> **Your assignment**: Leaving pictures aside, set down each line exactly, from the first line of the data to the line with "HEATHER Modern Coffee Table", both included.

===============

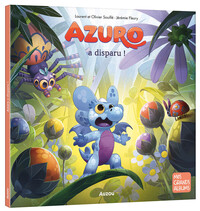 Image de AZURO A DISPARU !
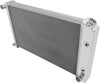 Champion Cooling, Pontiac Firebird-Trans-Am 4 Row All Aluminum Radiator, MC477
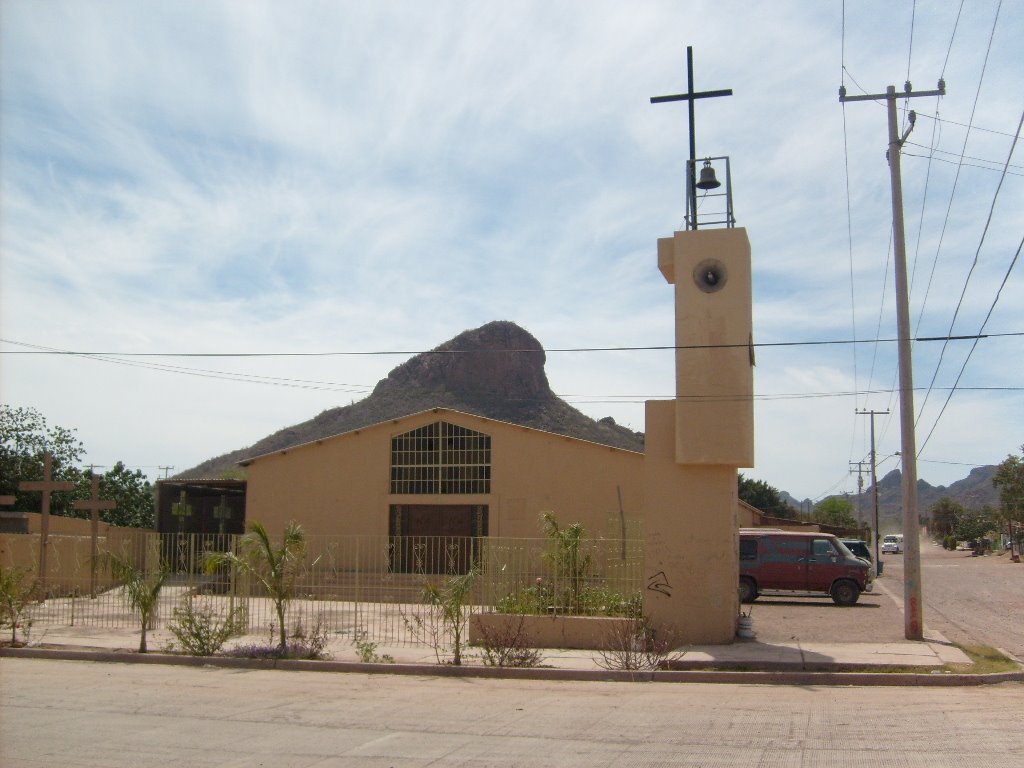 Templo de San Vicente de Paul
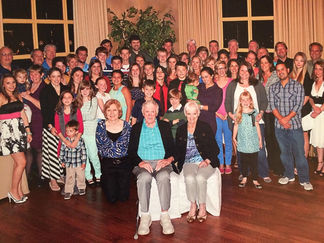 July 2016: Acts of Kindness featuring Francis Buckley & Family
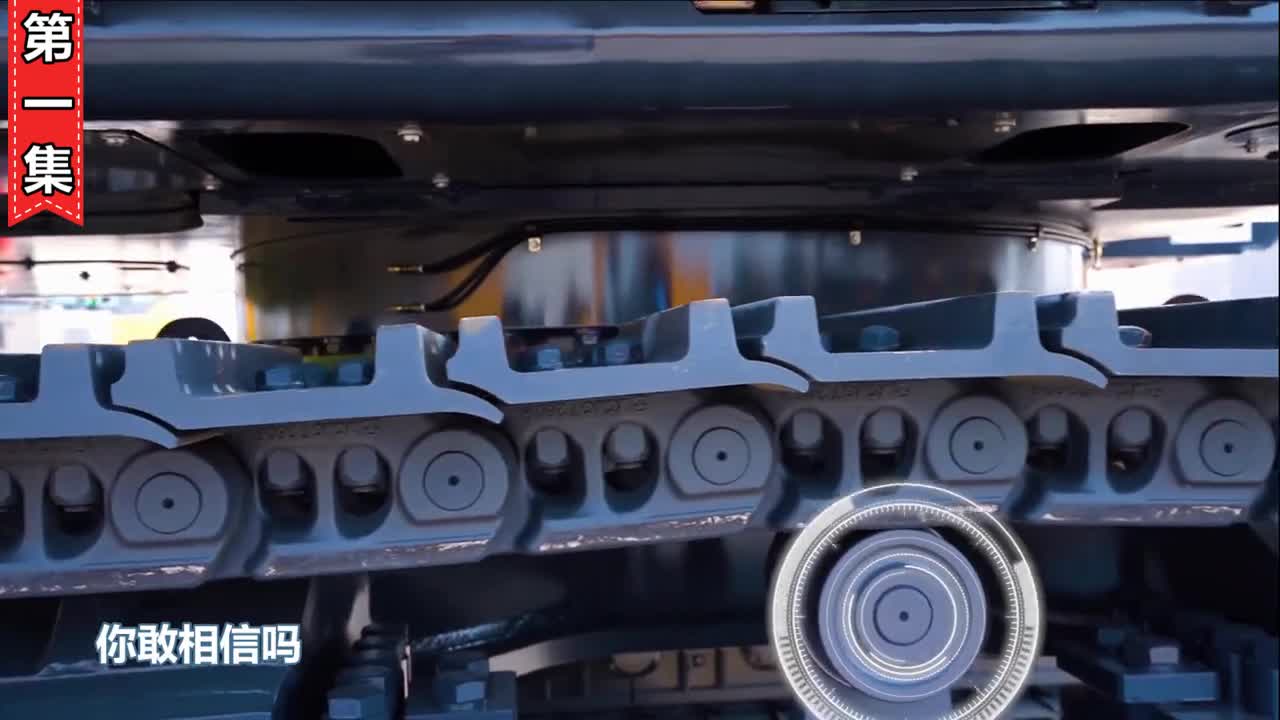 国产700吨液压挖掘机一斗铲起50吨挖掘机中的巨无霸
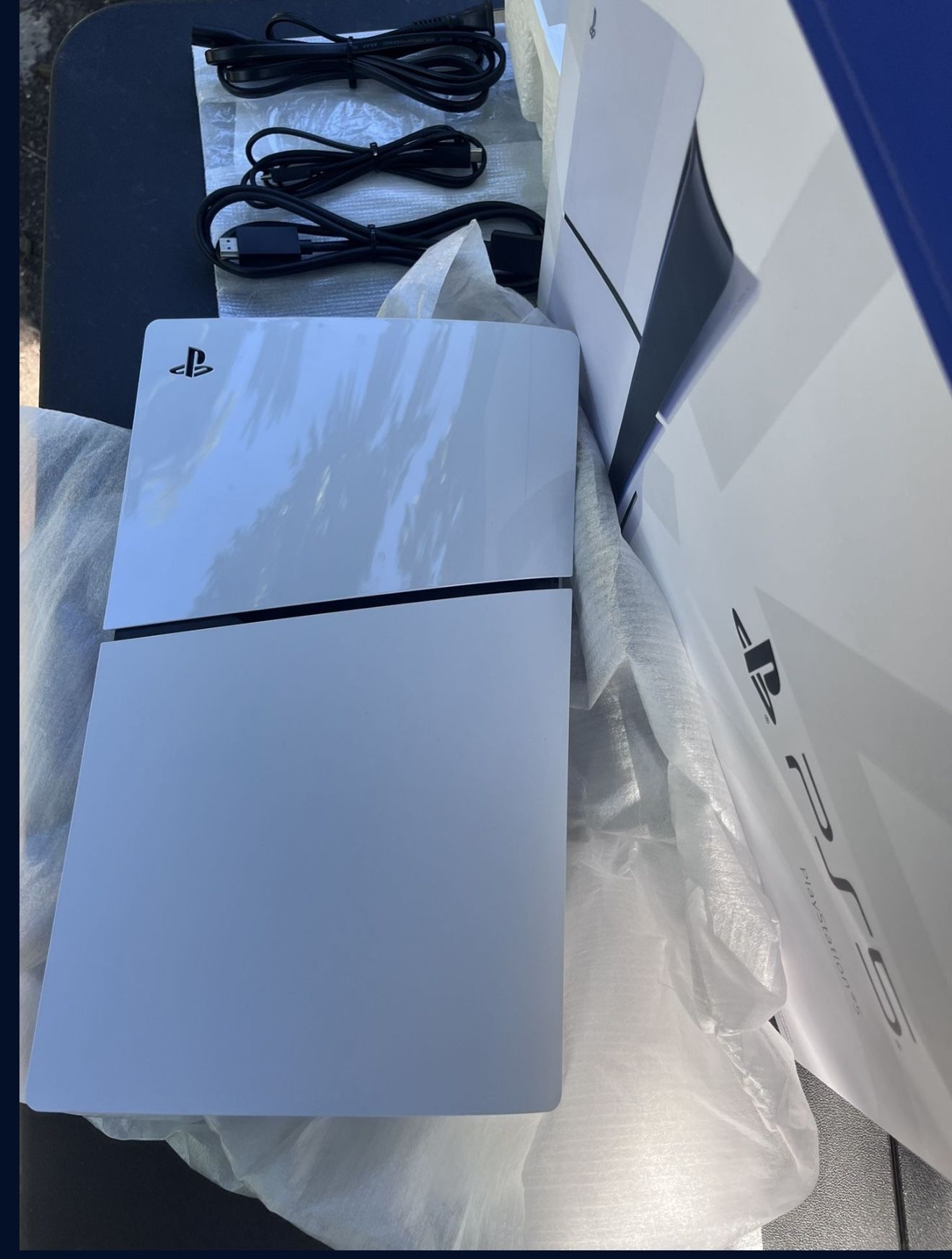 Ps5 Slim Disc Console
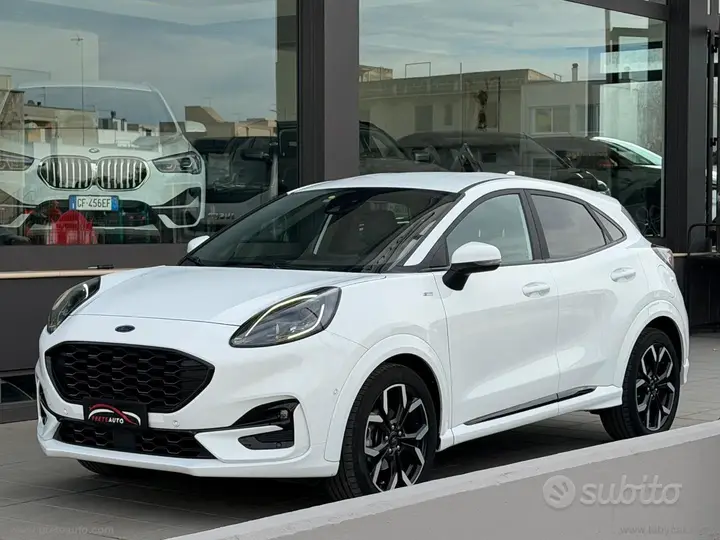 Ford Puma
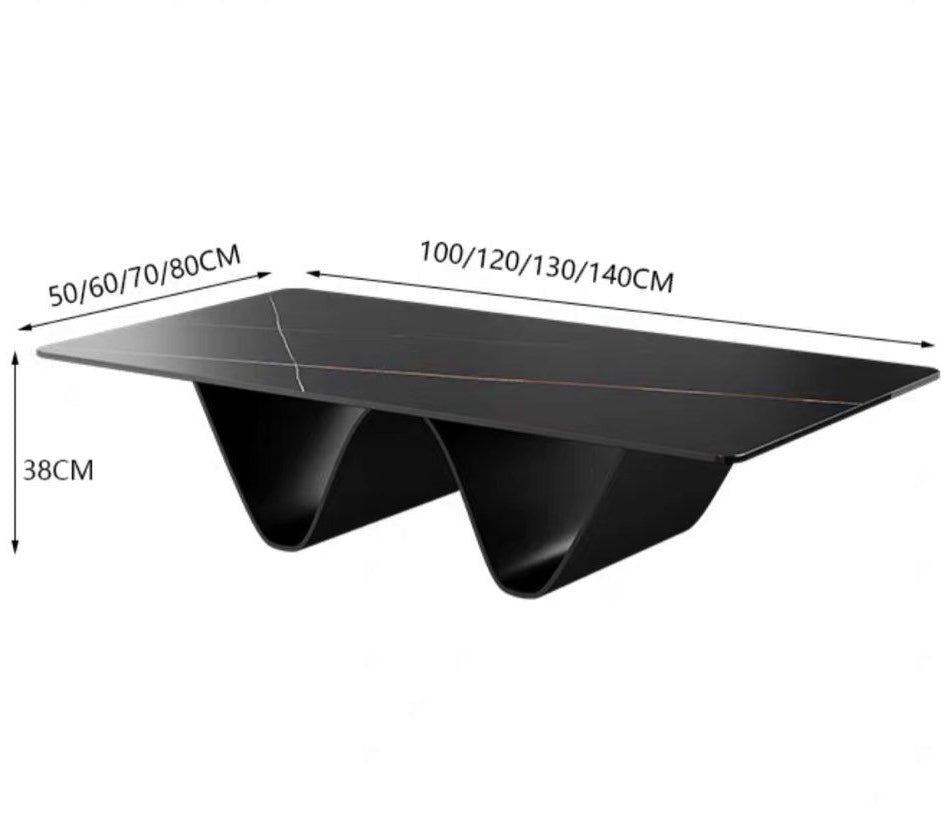 HEATHER Modern Coffee Table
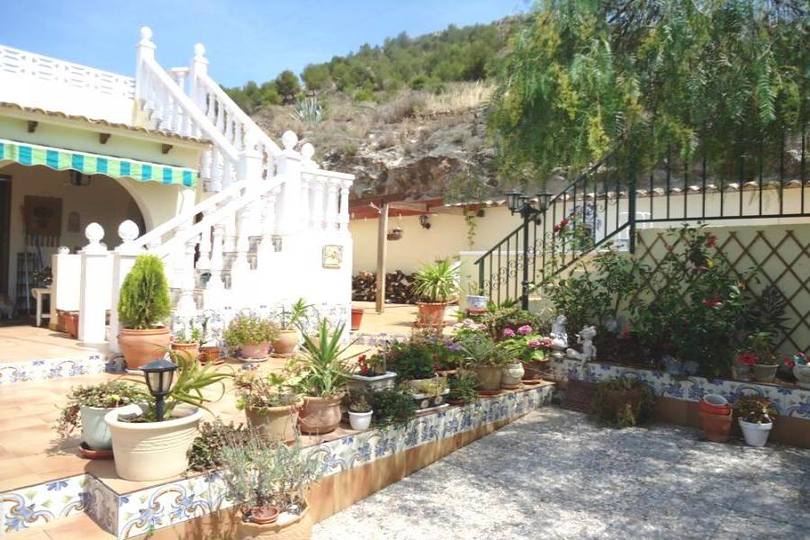 Benferri,Alicante,España,3 Habitaciones Habitaciones,2 BañosBaños,Fincas-Villas,2279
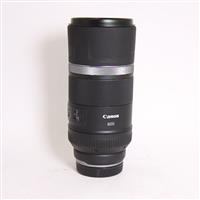 Used Canon RF 600mm f/11 IS STM Super Telephoto Lens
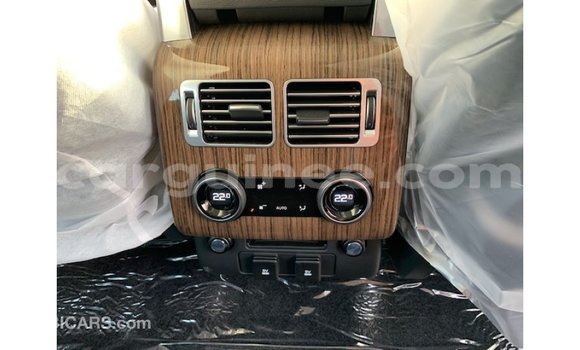 Buy Import Land Rover Range Rover Black Car in Import - Dubai in Conakry Buy Import Land Rover Range Rover Black Car in Import - Dubai in Conakry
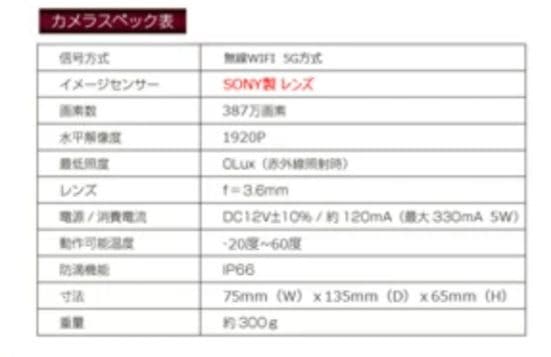 新品 ワイヤレス 防犯カメラキット カメラx4 チューナー スマホ操作可能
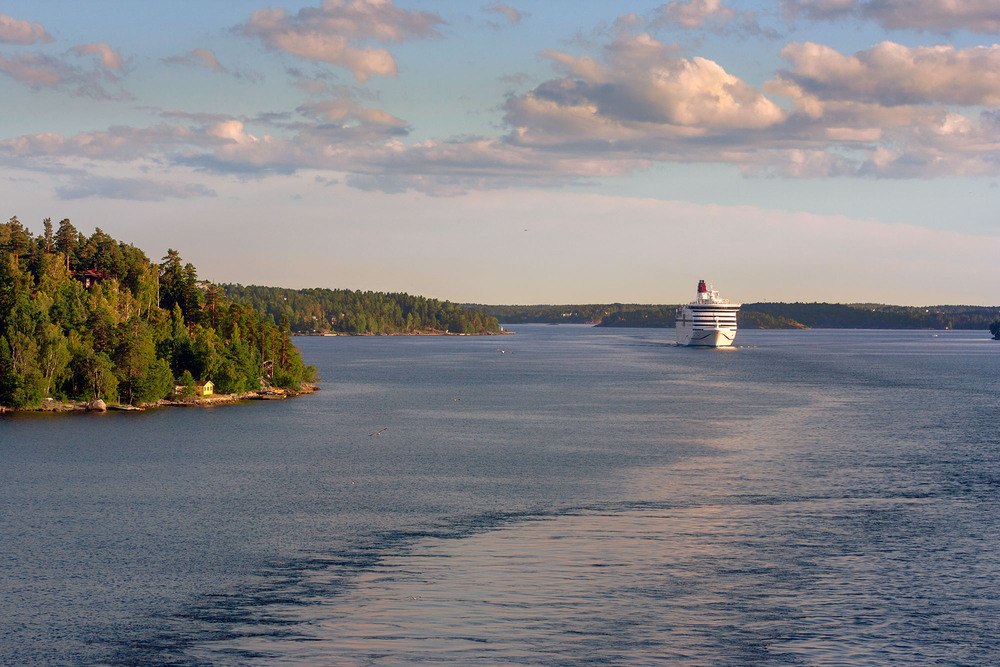 Фотографія Між балтійськими островами / На просторах архіпелагу / Капля Олександр / photographers.ua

===============

> **Exercise output**:
 Image de AZURO A DISPARU !
 Champion Cooling, Pontiac Firebird-Trans-Am 4 Row All Aluminum Radiator, MC477
 Templo de San Vicente de Paul
 July 2016: Acts of Kindness featuring Francis Buckley & Family
 国产700吨液压挖掘机一斗铲起50吨挖掘机中的巨无霸
 Ps5 Slim Disc Console
 Ford Puma
 HEATHER Modern Coffee Table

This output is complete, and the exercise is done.